----- PROVIDED RECORDS -----

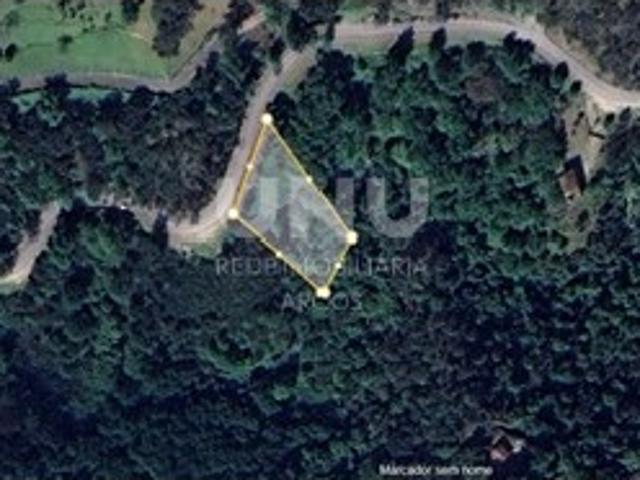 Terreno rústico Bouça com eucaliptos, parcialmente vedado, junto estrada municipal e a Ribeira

-----
----- PROVIDED RECORDS -----

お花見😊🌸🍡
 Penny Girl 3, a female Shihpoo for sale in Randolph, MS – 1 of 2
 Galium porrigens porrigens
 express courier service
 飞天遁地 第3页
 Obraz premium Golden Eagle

-----

WHAT TO DO = Will you return exactly the lines above from the one with "Penny Girl 3, a" down to the one with "Obraz premium Golden Eagle", counting both as part of the range?

ANSWER SPACE =
 Penny Girl 3, a female Shihpoo for sale in Randolph, MS – 1 of 2
 Galium porrigens porrigens
 express courier service
 飞天遁地 第3页
 Obraz premium Golden Eagle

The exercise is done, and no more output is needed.